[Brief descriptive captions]

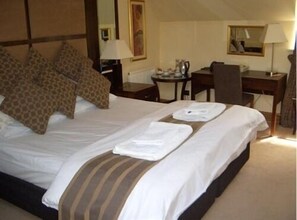Double Room, Ensuite (Champagne)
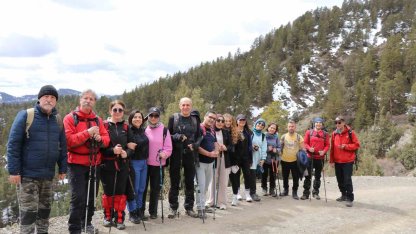 Doğa tutkunlarının bahar yürüyüşü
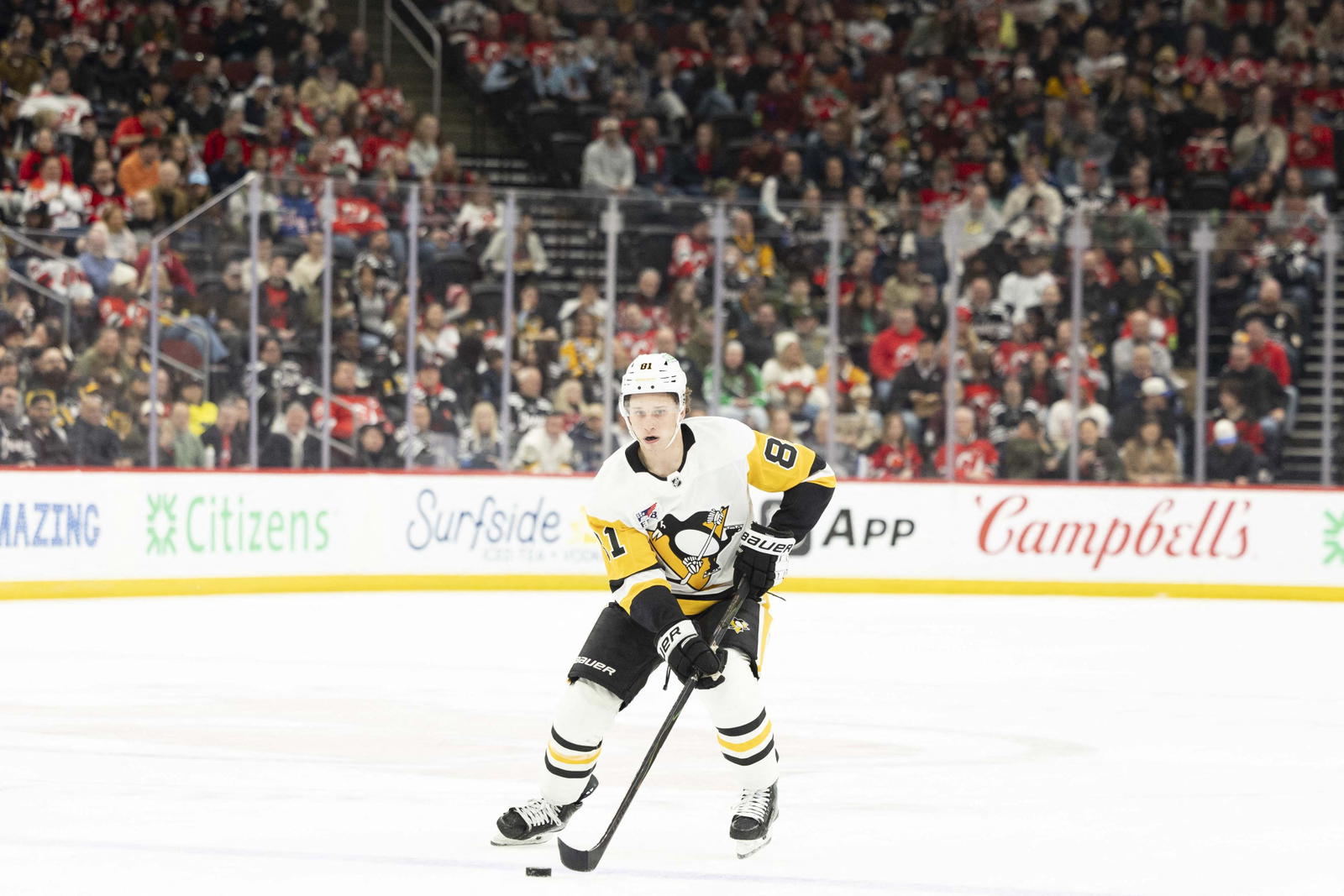 Питтсбург Пингвинс NHL-ийн улирлын өмнөх бэлтгэлийн гурав дахь өдрөө өндөрлөлөө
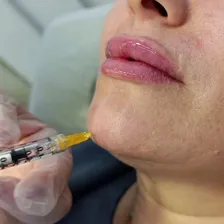 کلینیک زیبایی مسگری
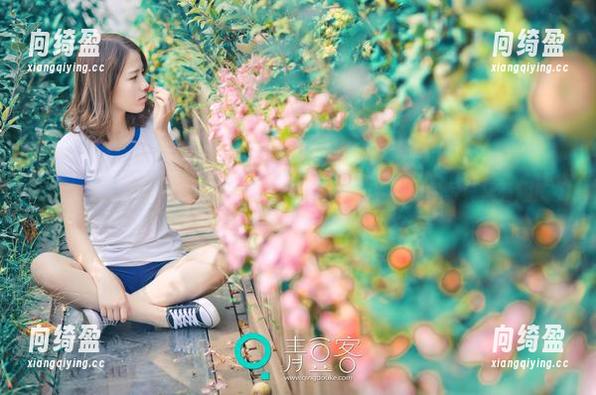 推女神 - 在潇同学的教室，学习上课不如看资源的写真集有趣！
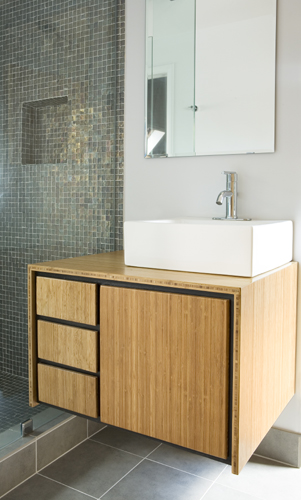 bath_2.jpg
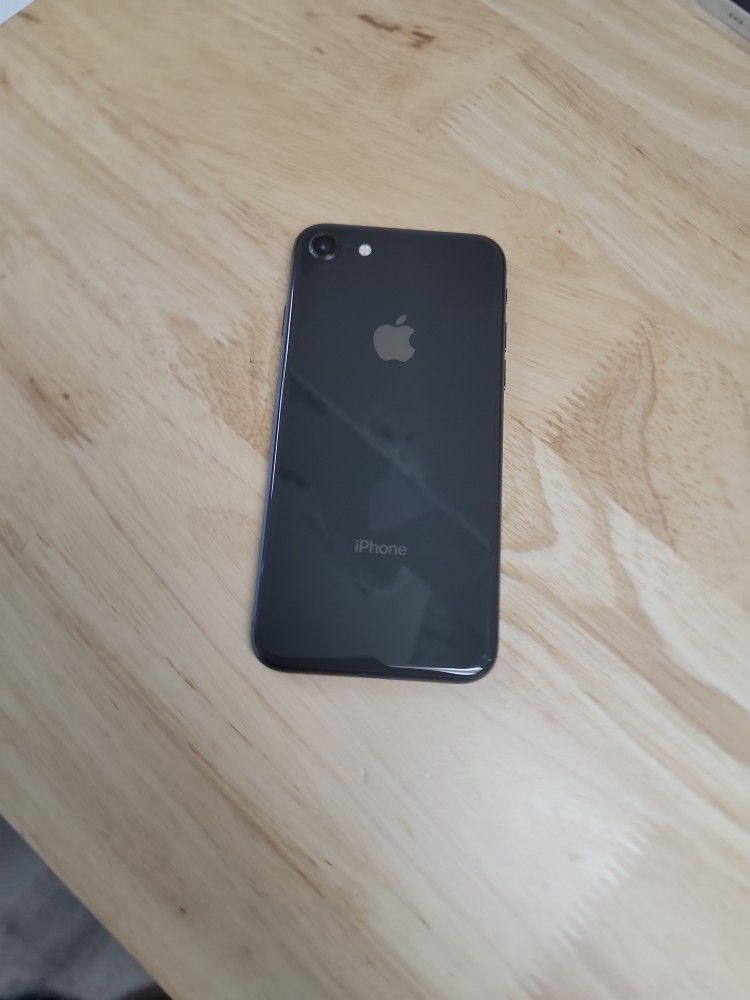 IPHONE 8 64GB.   UNLOCK ANY SIM 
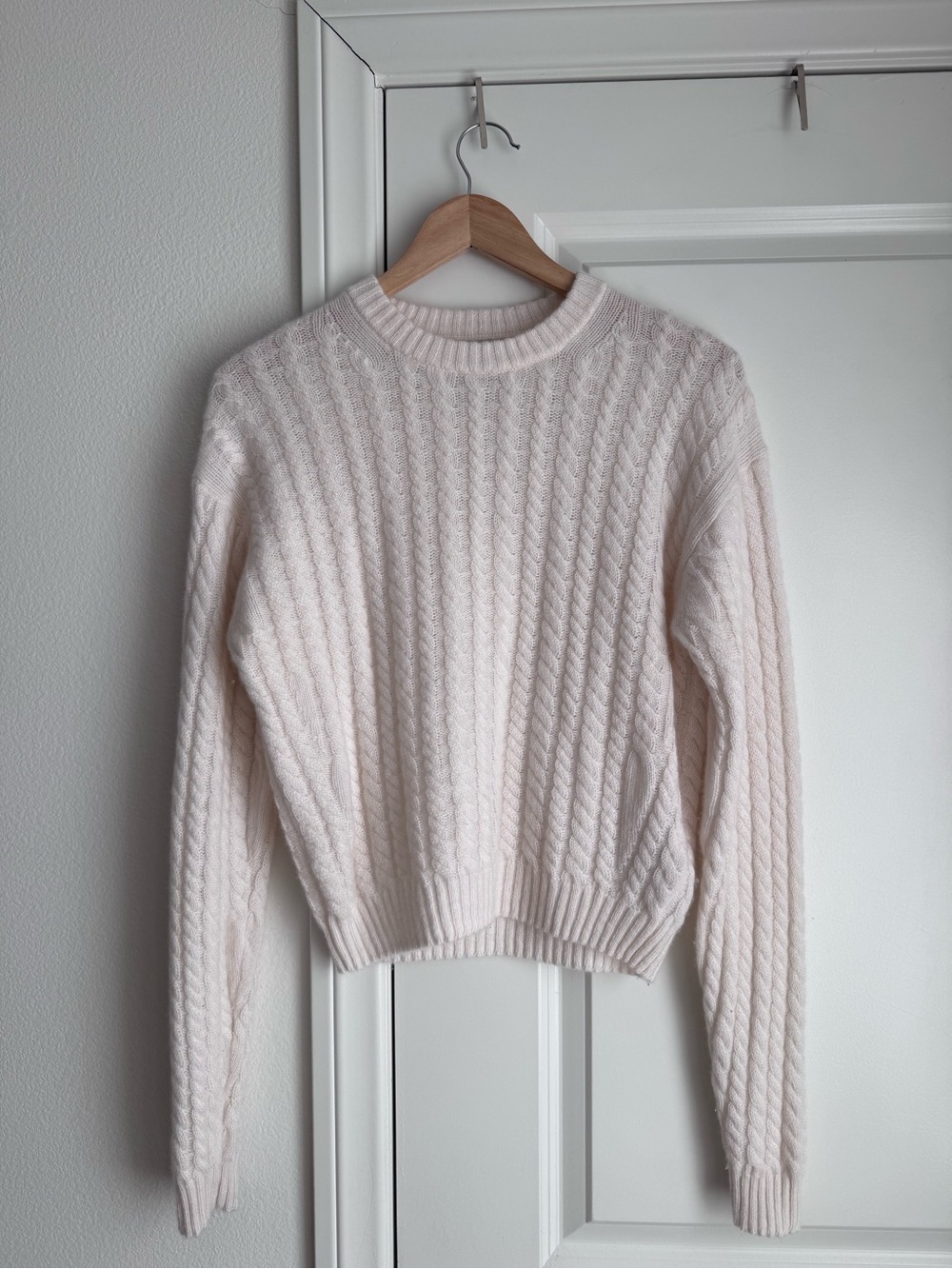 J Crew Perfect Cashmere Cable Knit Crewneck Sweater Size XS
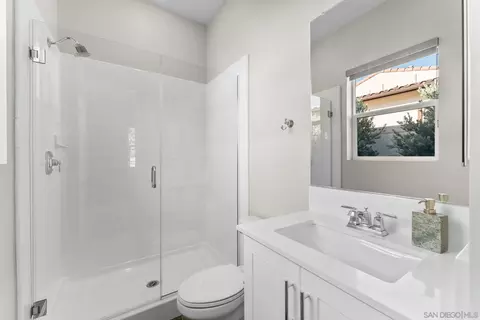 Bath - 2935 Side Saddle Ln, Escondido, CA 92029 photo 1 of 7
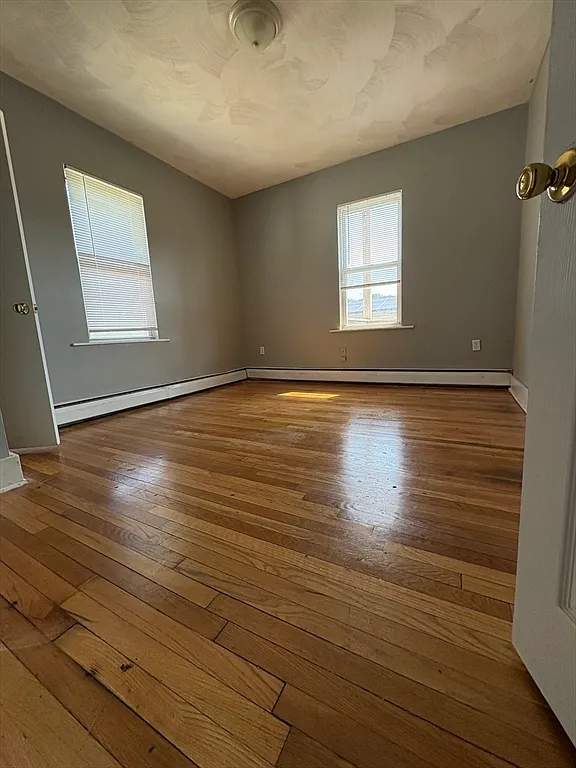 2 bed, 1.0 bath, 800 sqft, $2,400 — Photo 2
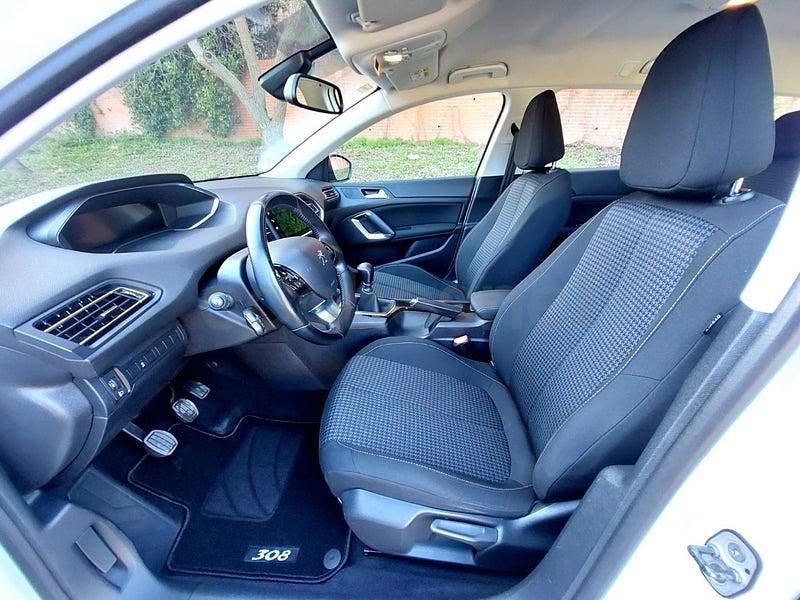 Usado Peugeot 308 SW Style 130 CV (95 kW) 2021 Blanco Familiar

> [WORK INSTRUCTION]
From the line that holds "Bath - 2935" to the last line of the records, please copy each line exactly and nothing else. Pictures stay out.

> [EXPECTED OUTPUT]
 Bath - 2935 Side Saddle Ln, Escondido, CA 92029 photo 1 of 7
 2 bed, 1.0 bath, 800 sqft, $2,400 — Photo 2
 Usado Peugeot 308 SW Style 130 CV (95 kW) 2021 Blanco Familiar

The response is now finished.